#### [Image-text web data]
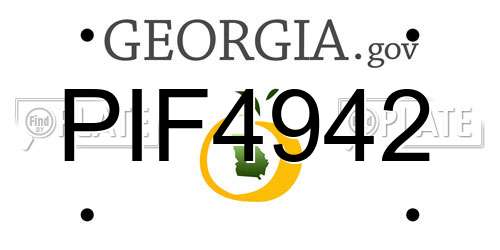 PIF4942 Georgia License Plate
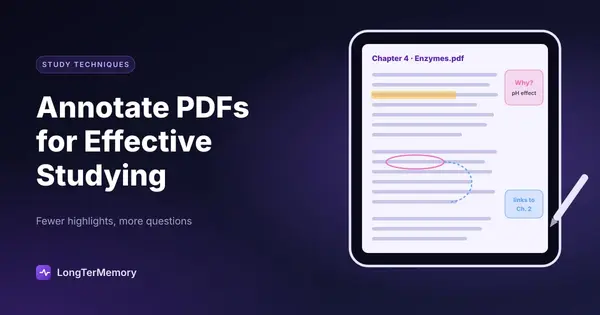Cover: a PDF on a tablet with one selective highlight, a margin question and a link to another chapter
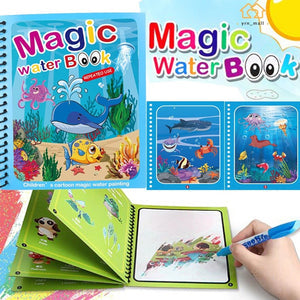 Magic Water Coloring Book Set | Reusable No-Mess Water Painting Book | Magic Pen Included | Kids Art Toy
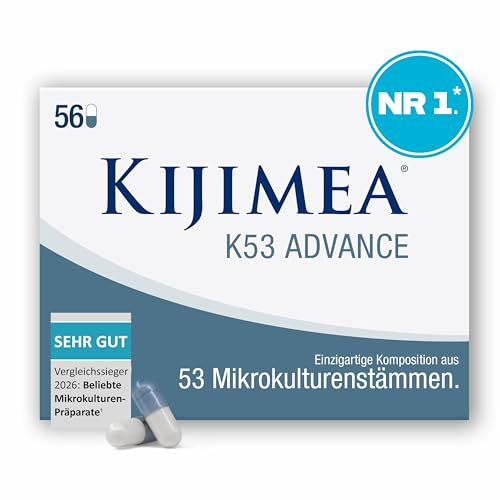 Kijimea® K53 Advance – Darmbakterien Kapseln hochdosiert | 53 Bakterienstämme aus der Darmflora | mit Biotin & Niacin | >500 Milliarden KBE je Packung | laktosefrei | glutenfrei - 56 Kapseln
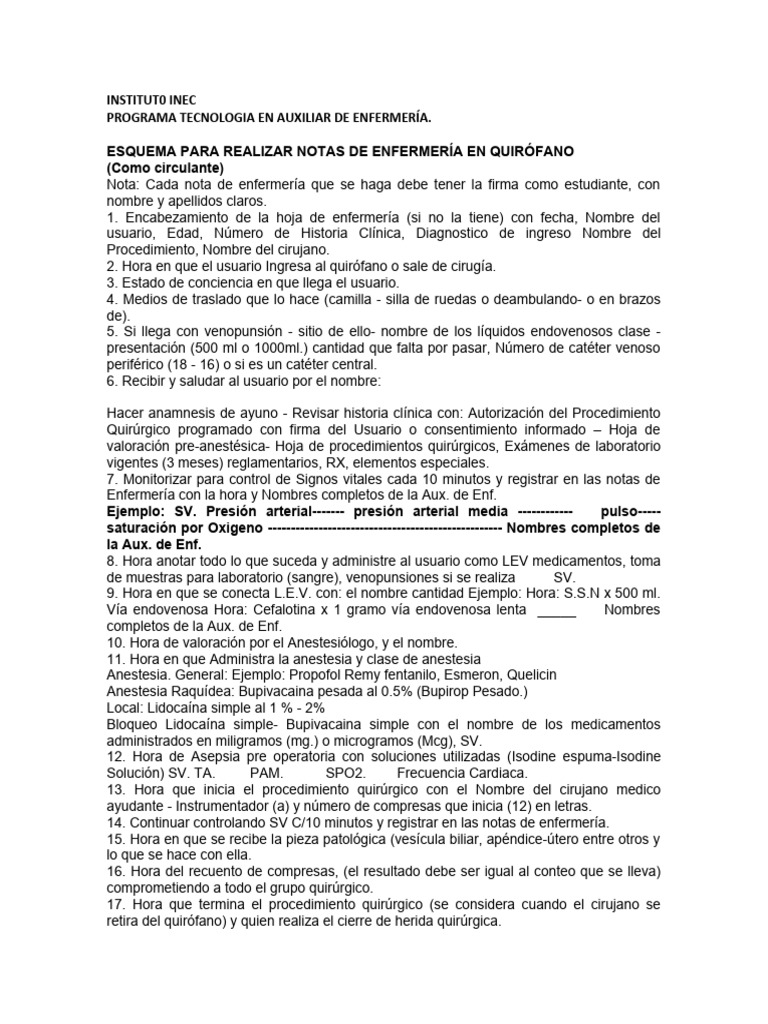 Notas De Enfermer a En Quir fano PDF Anestesia Cirujano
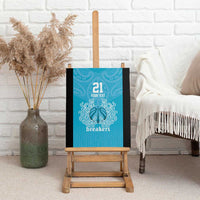 New Zealand Custom Canvas Wall Art Fire Basketball Maori Tribal Sky Blue - Polynesian Pride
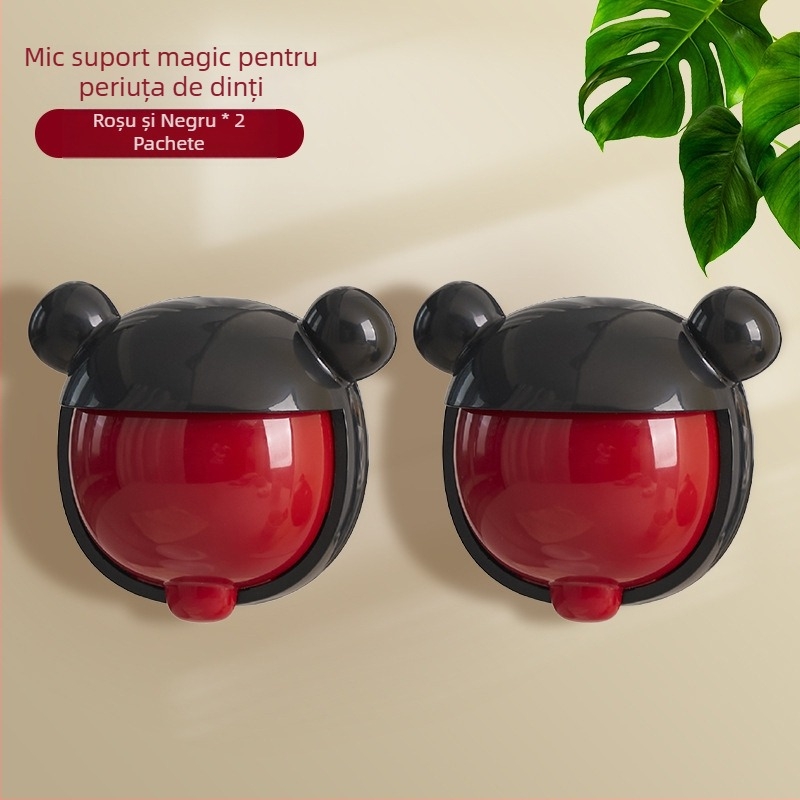 Suport pentru periuta de dinți cu design desen animat, model nou pentru baie, montaj pe perete fără găuri, raft întărit, personalizabil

#### [WHAT YOU ARE ASKED TO DO]
Repeat only what runs from the first line of the records above to the line with "Magic Water Coloring", both included, word for word, minus the pictures.

#### [SOLVED PROBLEM]
 PIF4942 Georgia License Plate
Cover: a PDF on a tablet with one selective highlight, a margin question and a link to another chapter
 Magic Water Coloring Book Set | Reusable No-Mess Water Painting Book | Magic Pen Included | Kids Art Toy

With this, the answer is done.